Central Asia: The Lamb of God

I left the big city last week and rode 6 hours through the mountains to visit a small, isolated city and the IFES work there. We rode up the switchbacks, through a tunnel, and stopped for dumplings and tea on the jailoo (mountain plateau) where a few remaining summer yurts (traditional herder's tent homes) held out against October winds. As we left the mountains for a valley filled with neighborhoods, cows stood in the road, beautiful herds of horses crossed, and chickens watched from the ditches (Why would a chicken cross the road, really?). We barreled down on a flock of sheep traveling ahead of us, led by men on horseback. The taxi driver honked wildly and multicolored sheep bounced hurriedly out of harm's way. It happened at least ten more times.

As I lay in bed that night I thought of the sheep in the symbol of the Moravian church, the conquering Lamb. I imagined that Kyrgyz must understand much better than we Jesus's role as the Lamb of God. Little did I know.

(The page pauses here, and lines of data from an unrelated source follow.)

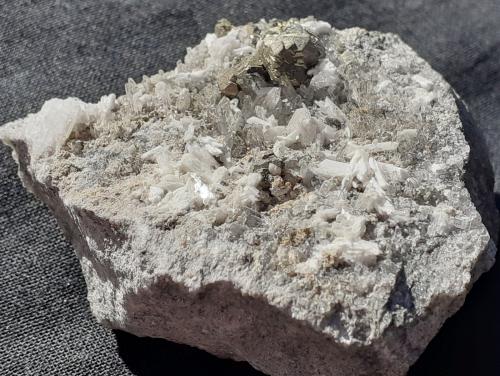 Pyrite, Laumontite, Quartz, Calcite<br />Túnel Anyuanshan (obras), Wuyishan, Prefectura Nanping, Provincia Fujian, China<br />5 x 4,5 cm<br /> (Author: Volkmar Stingl)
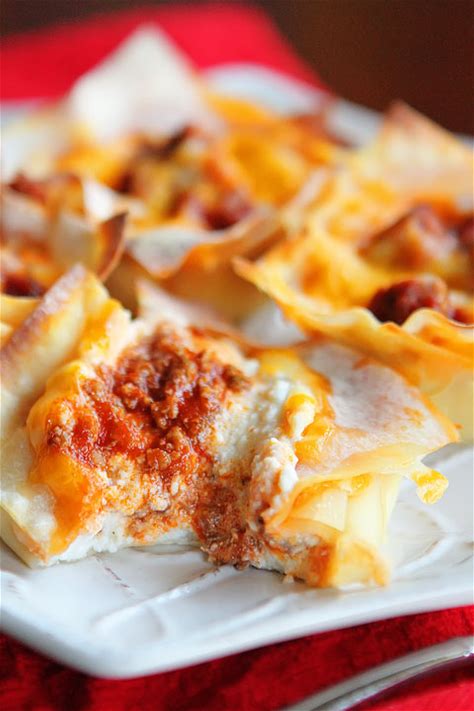 lasagna-cupcakes-easy-homemade-lasagna-bites image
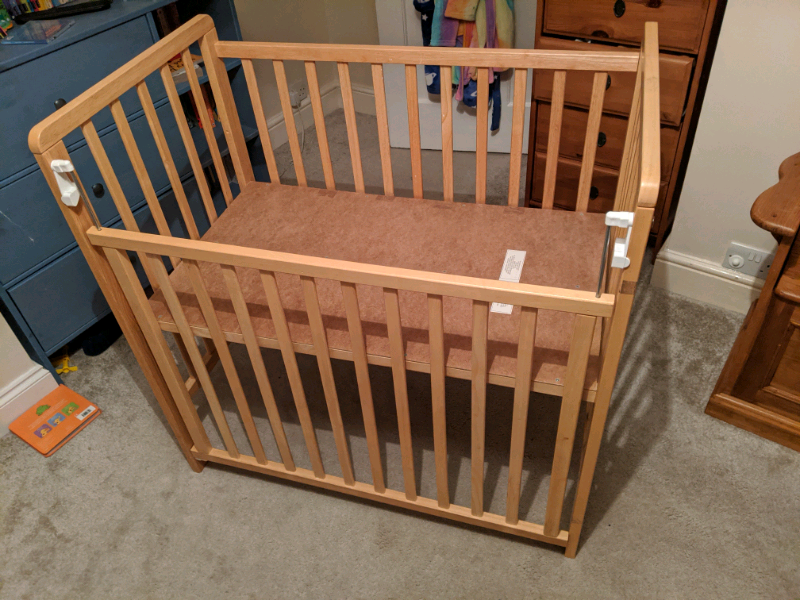saplings space saver cot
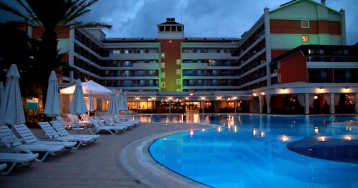 Insula Resort & Spa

A day later my hostess, Kyrgyz IFES staff, took me to the tomb of Manas, the larger-than-life warrior who united the 40 (Kyr) tribes against the Chinese, the Russians and the Tajiks. He is celebrated in the Kyrgyz's proudest literature: an days-long epic poem, memorized by ear and chanted/rapped by Manaschi. We walked around the statues, took some cheesy pics and headed past a building my host identified as 'for shamanism.' Then we came upon a patio ringed by pavilions; each had a fireplace with a metal bowl on top. My host explained, 'Here people put sheeps and kill for Manas...hm...like Old Testament.' Sure enough a man was boiling meat; we greeted him. Another couple was skinning a hanging sheep (he) and braiding it's innards (she). Their teenage son was chopping wood in his skinny jeans. He was one of this staff's non-christian students, and as they chatted he invited us to eat when the meat was ready. 'I not eat, for my conscience,' she whispered as we left them. This staff's own family wants to come and sacrifice next year, she told me sadly. 'Yes,' I said, 'I was thinking that Jesus is our sheep for God.' 'Yes,' she said.

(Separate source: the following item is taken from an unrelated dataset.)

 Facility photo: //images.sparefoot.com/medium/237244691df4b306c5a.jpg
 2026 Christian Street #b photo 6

We wound our way up the pointed hill within which Manas's spirit is said to live. At the top, overlooking the city, she told me about Kyrgyz Christian practice. In her church, a man who can afford it gives a sheep to the church every year. They slaughter it and have a picnic feast in the mountains on Easter day. They kill a sheep to celebrate the day when God sacrificed, in place of a sheep, Himself, for us.

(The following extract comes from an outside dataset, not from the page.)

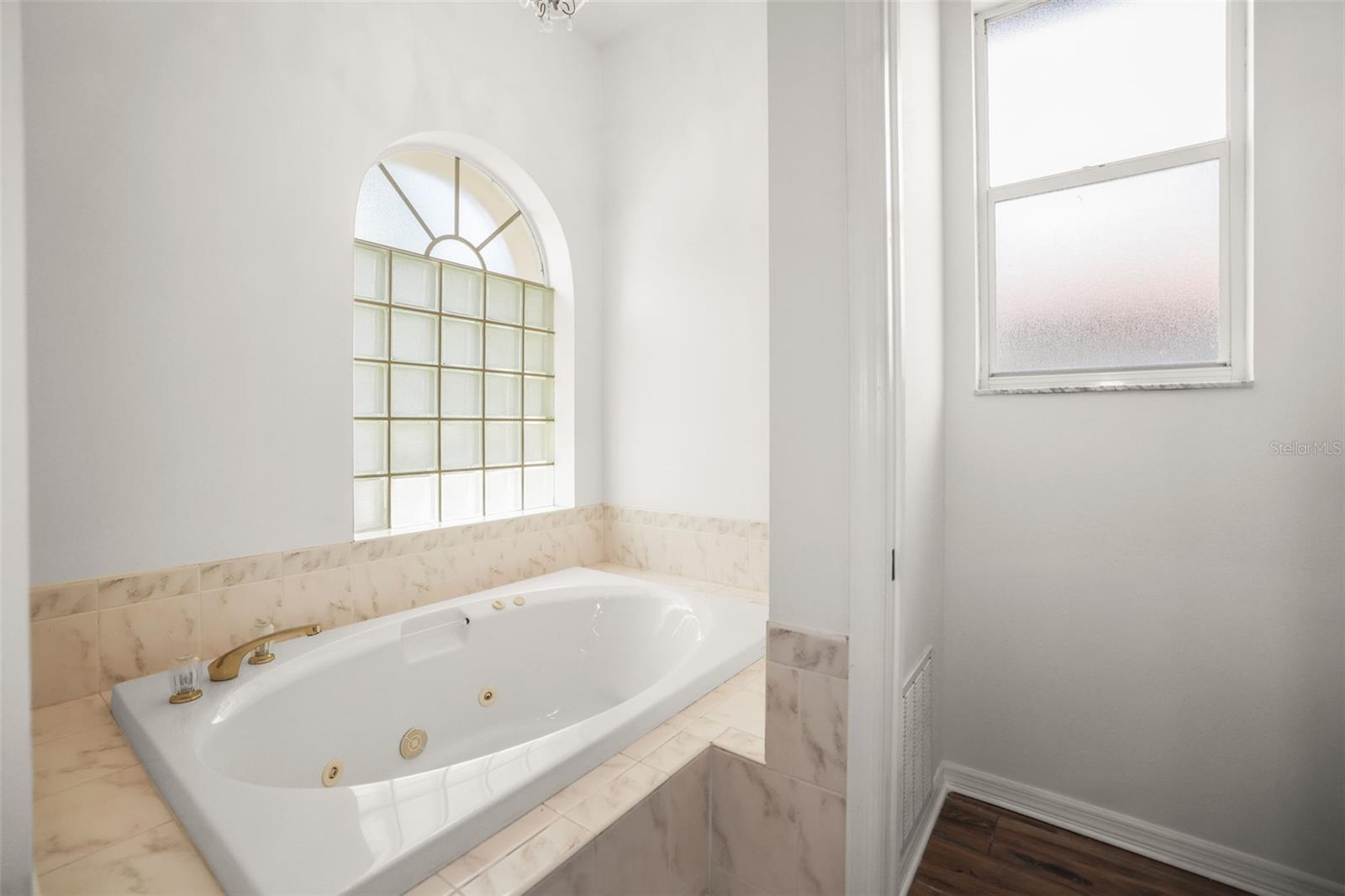 PLACIDO BAYOU - Residential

I am reminded of Revelation, the letter John wrote to the churches of  Turkic Asia: " I know where you live—where Satan has his throne. Yet you remain true to my name. You did not renounce your faith in me, not even in the days of Antipas, my faithful witness, who was put to death in your city—where Satan lives."
 
Whoever has ears, let them hear what the Spirit says to the churches.